The tough 10km run course in hot and humid conditions took competitors along South Shore to Cobbs Hill and over to Middle Road and then up the back driveway hill to the Southampton Princess ; a hilly course with a brutal ending !!
Sadly there were not really that many overseas amateur entries but the local amateur entry made up for that. The professional field was a ” who’s who” of the best international triathletes in the world at the time, including the “big four” men as they were known, Mark Allen, Dave Scott, Scott Molina and Scott Tinley, legends in the sport. Also in the field was the new super star Mike Pigg, who had laid claim to be included in the “big five”, and young 15 year old sensation Lance Armstrong ( yes, the same Lance Armstrong). The best Europeans were also there, including Holland’s Rob Barel and multiple European and UK champion Glenn Cook and another star UK triathlete Robin Brew ( who was later Flora Duffy’s coach when she went to high school in the UK). Canada was also well represented with Andrew McNaughton and Richard Browne and New Zealand’s Rick Wells also one to watch. Added to that were a number of up and coming triathletes including Ken Glah and Clark Campbell of the USA.The women’s field was equally impressive with the very best in the world including the USA’s Linda , New Zealand’s favorite Erin Baker, the UK champion Sarah Springman and another pre race favorite Kirsten Hanssen of the USA. The legendary Puntous twins, who also went on to make their name in Ironman racing, were a star attraction as well.
And to add local interest in the professional ranks, Tony Ryan and Dyrone Minors and running legend Sandra Mewett chose to enter the professional wave.
Mark Allen, the pre race favorite ran his way to the title with Kirsten Hanssen taking overall women’s honours. Local Tony Ryan finished in just over 2 hours 1 min to finish 20th amongst the pro men and took home $500 in prize money whilst Greg Hopkins had a disappointing race for him finishing in 2 hr 07 mins but first amateur overall and received an all expenses holiday for two in Rio de Janeiro, Brazil (Ryan might have wished that he had entered the amateur division !!). Youngster Kavin Smith, who went on to become a 9 time winner of the May 24th Marathon Derby, was 3rd Bermudian, winning the 25-29 age group.

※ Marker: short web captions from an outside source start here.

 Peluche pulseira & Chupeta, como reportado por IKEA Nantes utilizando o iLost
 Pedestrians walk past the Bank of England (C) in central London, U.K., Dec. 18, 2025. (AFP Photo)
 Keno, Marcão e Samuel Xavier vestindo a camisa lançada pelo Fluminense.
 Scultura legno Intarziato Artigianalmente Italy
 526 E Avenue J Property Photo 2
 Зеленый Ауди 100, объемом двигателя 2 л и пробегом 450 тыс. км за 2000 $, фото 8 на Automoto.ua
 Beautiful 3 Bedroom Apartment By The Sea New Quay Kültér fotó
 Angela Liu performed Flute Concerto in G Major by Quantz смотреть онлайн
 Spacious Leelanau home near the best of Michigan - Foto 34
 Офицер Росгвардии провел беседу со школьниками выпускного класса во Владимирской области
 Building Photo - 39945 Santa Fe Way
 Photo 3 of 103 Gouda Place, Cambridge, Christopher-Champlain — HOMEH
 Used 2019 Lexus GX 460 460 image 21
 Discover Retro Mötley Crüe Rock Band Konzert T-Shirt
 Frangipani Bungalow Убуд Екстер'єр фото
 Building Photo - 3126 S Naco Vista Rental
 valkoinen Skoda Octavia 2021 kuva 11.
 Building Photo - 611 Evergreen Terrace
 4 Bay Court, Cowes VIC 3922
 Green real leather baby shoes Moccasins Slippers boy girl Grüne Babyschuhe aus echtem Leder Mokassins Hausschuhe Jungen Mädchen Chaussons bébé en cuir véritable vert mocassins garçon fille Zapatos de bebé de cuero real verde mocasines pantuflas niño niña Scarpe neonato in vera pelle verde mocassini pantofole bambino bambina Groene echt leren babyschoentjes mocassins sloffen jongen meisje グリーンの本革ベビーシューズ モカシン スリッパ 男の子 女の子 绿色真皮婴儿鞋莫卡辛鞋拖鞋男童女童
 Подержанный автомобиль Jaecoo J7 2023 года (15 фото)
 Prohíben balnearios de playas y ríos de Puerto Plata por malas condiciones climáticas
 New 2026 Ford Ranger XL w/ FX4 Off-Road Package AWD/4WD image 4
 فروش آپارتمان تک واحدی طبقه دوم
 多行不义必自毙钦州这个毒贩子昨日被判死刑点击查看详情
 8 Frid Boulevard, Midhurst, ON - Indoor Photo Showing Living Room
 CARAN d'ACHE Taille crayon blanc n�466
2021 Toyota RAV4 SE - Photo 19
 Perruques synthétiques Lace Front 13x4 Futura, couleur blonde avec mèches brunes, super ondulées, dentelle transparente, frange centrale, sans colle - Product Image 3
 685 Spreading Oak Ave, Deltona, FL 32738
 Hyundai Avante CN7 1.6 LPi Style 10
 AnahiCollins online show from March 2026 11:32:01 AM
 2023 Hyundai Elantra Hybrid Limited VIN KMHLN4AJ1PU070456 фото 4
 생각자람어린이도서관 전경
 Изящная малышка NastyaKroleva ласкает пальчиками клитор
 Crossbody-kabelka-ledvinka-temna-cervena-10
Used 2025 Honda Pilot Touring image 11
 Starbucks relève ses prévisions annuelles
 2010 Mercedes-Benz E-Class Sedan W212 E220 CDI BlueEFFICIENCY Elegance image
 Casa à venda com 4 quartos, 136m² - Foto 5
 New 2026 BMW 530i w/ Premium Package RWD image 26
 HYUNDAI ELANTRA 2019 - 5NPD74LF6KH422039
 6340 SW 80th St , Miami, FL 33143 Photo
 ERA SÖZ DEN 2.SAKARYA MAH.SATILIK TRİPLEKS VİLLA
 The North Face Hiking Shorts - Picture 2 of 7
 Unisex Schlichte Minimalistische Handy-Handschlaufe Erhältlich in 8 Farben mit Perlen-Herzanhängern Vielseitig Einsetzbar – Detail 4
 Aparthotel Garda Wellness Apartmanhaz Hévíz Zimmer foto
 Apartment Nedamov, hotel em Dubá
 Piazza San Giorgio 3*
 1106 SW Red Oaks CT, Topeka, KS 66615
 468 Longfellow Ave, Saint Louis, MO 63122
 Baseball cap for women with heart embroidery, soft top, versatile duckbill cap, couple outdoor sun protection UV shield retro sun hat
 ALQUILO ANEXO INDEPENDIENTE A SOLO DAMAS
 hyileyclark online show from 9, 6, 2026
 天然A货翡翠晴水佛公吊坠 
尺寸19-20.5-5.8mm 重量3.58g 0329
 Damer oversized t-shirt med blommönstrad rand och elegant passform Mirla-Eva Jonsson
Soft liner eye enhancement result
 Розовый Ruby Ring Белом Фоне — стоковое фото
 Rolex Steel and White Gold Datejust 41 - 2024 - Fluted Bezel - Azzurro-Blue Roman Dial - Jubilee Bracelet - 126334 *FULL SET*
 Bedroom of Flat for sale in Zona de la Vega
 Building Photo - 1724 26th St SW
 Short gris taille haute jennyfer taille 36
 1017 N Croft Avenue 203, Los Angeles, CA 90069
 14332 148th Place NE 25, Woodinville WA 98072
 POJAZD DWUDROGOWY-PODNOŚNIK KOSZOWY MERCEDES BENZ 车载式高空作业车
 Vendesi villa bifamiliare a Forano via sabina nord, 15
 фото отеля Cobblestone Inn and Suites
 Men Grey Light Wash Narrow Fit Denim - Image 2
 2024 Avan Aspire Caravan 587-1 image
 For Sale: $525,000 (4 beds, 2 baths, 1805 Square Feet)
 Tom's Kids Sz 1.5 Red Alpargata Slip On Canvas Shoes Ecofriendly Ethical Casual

Sandra Mewett was the first local woman in 2 hrs 29 mins 09 secs ahead of Peggy Couper and Cathy Gurret.
The race came back to Bermuda in 1988 with a loop bike course but problems with church complaints about access to church services led to the race sadly dying a death the following year amongst great controversy.
6 weeks later my son Simon was born on the day of the biggest local event in Bermuda. He appeared on his due date, 20th September 1987, the day of the SunLife Bermuda Triathlon which had 134 individual senior entries after a record 167 teams of three had raced the week before ( there were no junior races at that time) . I started the race, had a major tyre blowout and made it to the hospital with plenty of time to spare !!
When I raised the possibility of getting new Bermuda age group kit I never knew it would involve so many permissions and choices. But …. thanks to the efforts of Jen Wilson and the support of the BTA, in particular Patty Petty, we now have new triathlon one and two piece short and long distance kits for those representing Bermuda.